Embora o Brasil conte com um dos serviços de transplantes públicos mais modernos e transparentes do mundo, segundo o presidente da ABTO, Gustavo Fernandes Ferreira, especificamente a lista de espera para transplantes de rim, depende da compatibilidade sanguínea e genética. Quando maior elas forem, maior, proporcionalmente, é a chance de sucesso do procedimento. Desse modo, independe a posição em que a pessoa está na fila. Ela não é o critério mais importante. A lista testa cada doador, de acordo com a compatibilidade com o paciente. 

"É importante que a população saiba que temos um programa muito desenvolvido, que funciona. São mais de 60 mil brasileiros esperando a possibilidade para transplantar. Só na Santa casa, são 450 pessoas aguardando. Infelizmente, não existem órgãos suficientes para todos." Segundo Gustavo, hoje, há uma recusa familiar da ordem de 50%. "A cada duas possíveis doações, apenas uma está, efetivamente, realizando a doação. Precisamos reduzir esses números para menos de 20% a oferta de órgãos e, consequentemente, a possibilidade de transplantar, seria ainda maior. Esse é um dado muito relevante para discutirmos com a sociedade." 

Evolução

Juiz de Fora é o primeiro serviço em número de transplantes renais em Minas Gerais e é um dos mais ativos em relação aos grandes centros do país. Fica atrás apenas do Hospital do Rim (SP), da Santa Casa de Porto Alegre (RS) e do IMIP Instituto de Medicina Integral Professor Fernando Figueira (PE) e do Hospital São Francisco (RJ). 

Em 2023, de janeiro a agosto são 128 cirurgias ao todo.  A expectativa é a de que o número de procedimentos ultrapasse o total de 2022, que é de 163 operações, atingindo um novo recorde. Há, no momento, 449 pacientes na fila de espera, 79 aptos a realizarem o procedimento e 891 pessoas transplantadas em acompanhamento.

O presidente da ABTO, Gustavo Fernandes Ferreira, explica que a importância social do serviço é de diminuição do custo elevado do tratamento de hemodiálise, diminui o desgaste dos pacientes e o mais relevante: aumenta a qualidade de vida das pessoas.

Gustavo detalha que, Juiz de Fora conta com três serviços de hemodiálise, que concentram cerca de 500 pacientes totais. Sem o serviço de transplantes, seria necessário ter, pelo menos, mais duas clínicas de hemodiálise na cidade para atender a demanda. O presidente da ABTO também pontua que 105 cidades da região encaminham pacientes para Juiz de Fora e o serviço da Santa Casa é referência também para o Rio de Janeiro.
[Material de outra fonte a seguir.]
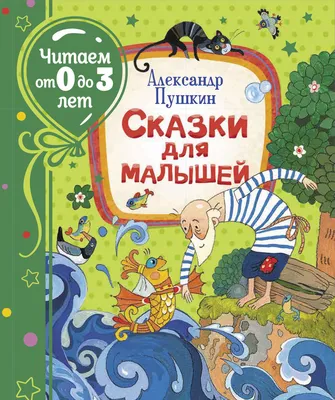 Русские народные сказки для детей и малышей (комплект из 6 книг). Подарок  на день рождения - купить с доставкой по выгодным ценам в интернет-магазине  OZON (311897148)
Sobre a história, o médico dividiu a trajetória da equipe em três fases. A primeira, marcada pelo início da atividade, foi nomeada por ele como ‘heróica’, visto que não havia parâmetros bem estabelecidos para o procedimento. Somente eram realizados transplantes com doadores vivos. Nessa primeira fase, foram realizados apenas seis cirurgias.

O período denominado romântico veio com a década de 1990, em que os profissionais de saúde começaram a se especializar, mas ainda não havia diretrizes para os transplantes, nem fonte de remuneração. Os protocolos eram incipientes e os laboratórios de imunologia tinham recursos muito limitados para o diagnóstico.

O ano de 1997 foi definitivo porque trouxe a legislação e o estabelecimento de um protocolo para os transplantes no país, com procedimento definido pelo Ministério da Saúde, além de ser o ano em que a ABTO foi instituída como entidade de classe.

De 2012 em diante, a fase de evolução foi marcada pela organização dos procedimentos, definições a respeito da forma de financiamento público e de ampliação dos serviços.